7 hours ago
FBI Warning—All Smartphone Users Must Delete These Messages
The threat is worse than the headlines suggest.
A raft of news stories this week (1,2,3) report on the FBI warning 150 million Apple users to delete texts on their iPhones. Unfortunately the reality is even worse than those headlines suggest. Here's what you need to know and what you should do.
Right now, your cell phone is vulnerable to an ongoing attack that will come to you by way of text messages warning of dire consequences if you don't respond right away. Text messages that include links to pay outstanding bills or fines.

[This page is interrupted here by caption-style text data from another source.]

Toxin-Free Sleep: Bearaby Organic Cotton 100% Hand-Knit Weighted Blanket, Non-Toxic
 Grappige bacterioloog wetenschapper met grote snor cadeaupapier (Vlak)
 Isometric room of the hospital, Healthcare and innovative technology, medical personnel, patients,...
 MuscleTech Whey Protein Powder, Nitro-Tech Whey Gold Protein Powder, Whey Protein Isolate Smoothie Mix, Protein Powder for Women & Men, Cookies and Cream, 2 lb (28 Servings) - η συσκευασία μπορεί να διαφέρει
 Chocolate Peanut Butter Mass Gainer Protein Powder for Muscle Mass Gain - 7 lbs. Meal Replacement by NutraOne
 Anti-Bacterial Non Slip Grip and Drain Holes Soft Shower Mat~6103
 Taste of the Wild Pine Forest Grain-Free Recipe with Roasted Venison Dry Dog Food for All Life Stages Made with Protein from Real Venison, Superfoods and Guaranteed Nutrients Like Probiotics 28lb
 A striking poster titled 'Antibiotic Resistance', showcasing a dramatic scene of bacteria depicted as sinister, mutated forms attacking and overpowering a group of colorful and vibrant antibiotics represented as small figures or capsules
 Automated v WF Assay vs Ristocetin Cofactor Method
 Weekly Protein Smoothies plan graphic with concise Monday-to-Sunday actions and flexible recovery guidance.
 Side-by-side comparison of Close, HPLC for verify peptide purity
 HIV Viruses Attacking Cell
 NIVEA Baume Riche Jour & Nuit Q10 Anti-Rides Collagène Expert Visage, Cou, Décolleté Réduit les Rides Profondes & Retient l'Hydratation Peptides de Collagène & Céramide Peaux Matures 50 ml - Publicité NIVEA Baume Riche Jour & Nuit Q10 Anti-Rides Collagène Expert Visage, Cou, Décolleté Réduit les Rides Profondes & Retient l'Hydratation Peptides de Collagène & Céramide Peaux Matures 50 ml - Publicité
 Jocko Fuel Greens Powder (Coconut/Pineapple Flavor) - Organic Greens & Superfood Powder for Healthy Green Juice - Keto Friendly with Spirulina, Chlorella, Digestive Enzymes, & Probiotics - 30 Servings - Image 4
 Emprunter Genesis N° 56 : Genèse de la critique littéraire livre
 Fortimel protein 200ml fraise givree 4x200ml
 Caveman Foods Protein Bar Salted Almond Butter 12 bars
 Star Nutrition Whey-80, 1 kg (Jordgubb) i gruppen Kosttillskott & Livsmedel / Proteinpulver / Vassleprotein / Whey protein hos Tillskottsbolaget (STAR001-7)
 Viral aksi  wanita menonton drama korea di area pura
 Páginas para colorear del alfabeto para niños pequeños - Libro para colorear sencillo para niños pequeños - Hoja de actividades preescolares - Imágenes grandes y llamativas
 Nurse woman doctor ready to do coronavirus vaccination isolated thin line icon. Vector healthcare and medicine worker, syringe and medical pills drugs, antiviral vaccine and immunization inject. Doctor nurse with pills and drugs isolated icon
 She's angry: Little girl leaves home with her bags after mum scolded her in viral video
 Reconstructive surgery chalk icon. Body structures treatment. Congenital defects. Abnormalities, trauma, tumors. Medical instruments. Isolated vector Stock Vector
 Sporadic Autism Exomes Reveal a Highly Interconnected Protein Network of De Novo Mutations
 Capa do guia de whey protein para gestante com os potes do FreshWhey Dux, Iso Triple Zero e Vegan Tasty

All of this is made up, of course, but you pay nonetheless because you're worried — that's the idea. These messages include unpaid tolls and newer DMV traffic offenses, but will soon widen the net to mimic texts from your bank or credit card company.
It's against this backdrop that we have seen headlines urging America's iPhone users specifically to delete the latest raft of DMV texts as soon as they're received.
The malicious texts are sent courtesy of organized Chinese criminal gangs that operate beyond the reach of U.S. law enforcement. They harness countless phone numbers from multiple countries and domains from multiple providers.
Despite network filtering and iOS and Android spam detection, the tidal wave of texts seemingly can't be stopped. Google has confirmed new AI-powered scam detection on its phones, and we await to see if this filters the threat or can be worked around.
The FBI's warning to delete all these co-called smishing texts came in an advisory last year, issued in the wake of the original unpaid toll scam that has now swept across America from state to state. Any such texts, it said, should be deleted from phones.
But that applies to iPhone and Android users — to all smartphone users. There are some iPhone specifics — the OCGs prefer iMessage to SMS, albeit they like RCS as well, and the texts often include instructions to 'Please reply with 'Y'' to get around iPhone's link blocking from unknown senders. But the the attack targets all users indiscriminately.
As I reported a week ago, the FBI has confirmed it is now investigating the latest plague of DMV-themed texts, which is unsurprising. The volume of those texts in particular surged almost 800% in the first week of June alone, and has not slowed down since.
A single bad actor armed with numbers and domains can send as many as '60,000,000 texts a per month, or 720,000,000 per year,' if that helps explain why there's almost no one in America who hasn't yet received these texts or knows someone who has.